To City's Burden, Add 11,000 Tons of Daily Trash
By KIRK JOHNSON
New York City's trash disposal system, a creaking industrial giant even
in the best of times, is emerging as yet another trouble hotspot - political,
logistical and financial - for a new mayor and a city that seem to have
troubles enough as it is.
A $6 billion long-term Giuliani administration plan to rid the city
of its mountain of daily garbage through a system of barges, terminals
and trains is stalled and may yet unravel entirely, city officials say.
A short-term plan to get the city through the next few years by trucking
waste out of the city, mostly to landfills in places like Pennsylvania
and Virginia, is facing what many experts say could be sharply higher costs
as available landfill space contracts and states seek to restrict interstate
trash transfers.
A cost-cutting proposal that would send some of Queens's garbage to
the Bronx threatens to ignite a political firestorm by reneging on a Giuliani
administration promise that none of the city's five boroughs would be used
for dumping by the others, as Staten Island was for half a century at the
Fresh Kills landfill, which closed last year.
A plan to cut the city's recycling program nearly in half as an emergency
measure to save money over the next 18 months may have to be extended indefinitely,
and may not return at all in any recognizable form, Sanitation Department
officials say.
"We have to rethink," said Sanitation Commissioner John J. Doherty.
That rethinking goes in many directions. And it's more than just a search
for lower costs, Mr. Doherty and others say. Waste disposal in New York
City has long been a fiercely emotional issue that touches on other urban
fault lines, like fairness, class and race, especially when it comes to
locating and building the trash-collection centers on which the system
depends.
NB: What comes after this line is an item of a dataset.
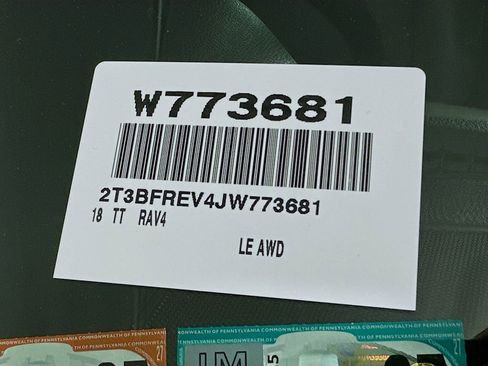 Used 2018 Toyota RAV4 LE w/ All Weather Liner Package AWD/4WD image 22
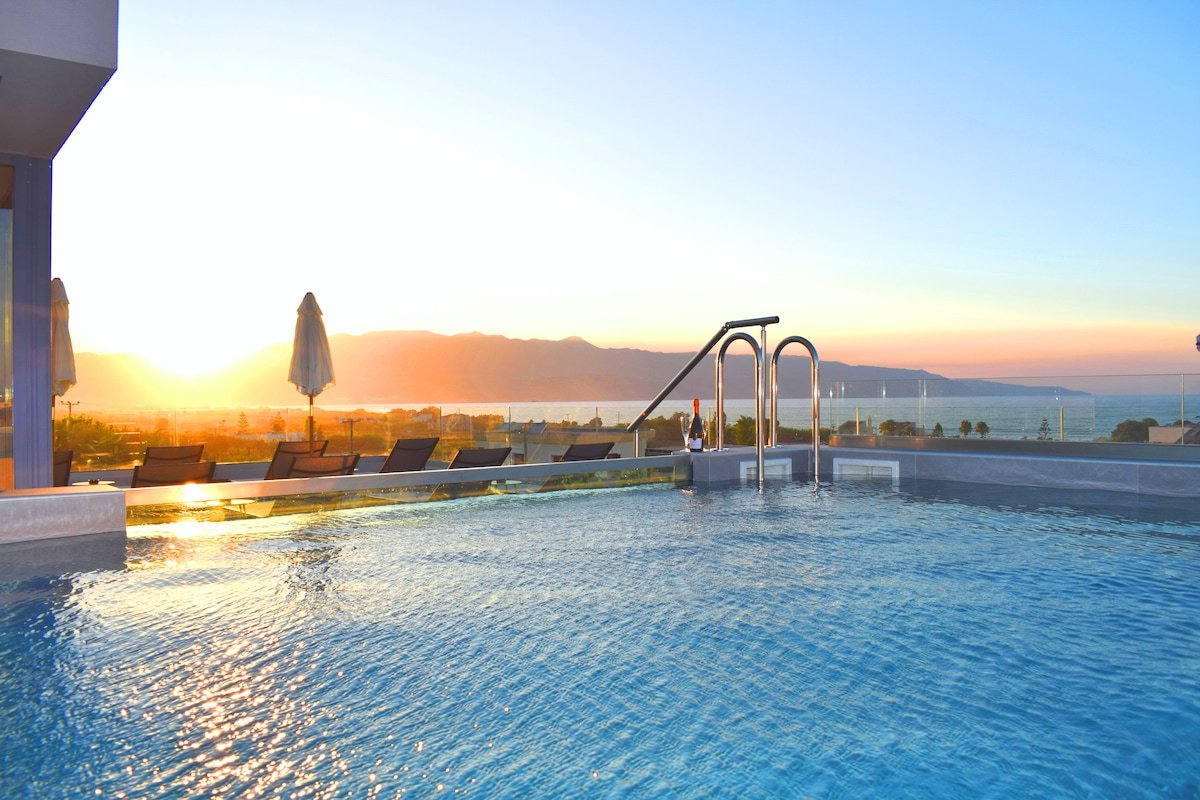 Naval villa-Panoramic villa with heated roof pool gallery image 2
Recycling goes beyond disposal as well - to the goals of environmentalism
and civic consciousness that have been carefully cultivated by the city
itself in supporting the recycling program through millions of dollars
in promotion and advertising over the years.
Under the mayor's budget proposal, all recycling of metal, glass and
plastic would be halted for 18 months beginning this summer because that
part of the sanitation system has become an economic drain that Mayor Michael
R. Bloomberg says New York cannot afford. (Paper recycling would continue,
because pulp markets readily compete for the city's paper supply.)
Mr. Doherty said in an interview this week that if the city's financial
picture or the economics of recycling did not improve, restoring the program
could be difficult. Alternatives include a permanent abandonment of glass
recycling, which has proven to be the most difficult and costly material
to reprocess.
The proposal to go back on the city's pledge that each of New York's
five boroughs would be self-sufficient in trash disposal, made in connection
with the closing of Fresh Kills, is similarly driven purely by budget pressures,
Mr. Doherty said.
The mayor's budget for the fiscal year beginning July 1 assumes a savings
of $7 million a year by taking 1,500 tons of trash collected daily in Queens
to a transfer station in the Bronx, where costs are lower, and shipping
the trash out of state from there. Fifteen hundred tons is about 13 percent
of the city's total daily collection of 11,000 tons.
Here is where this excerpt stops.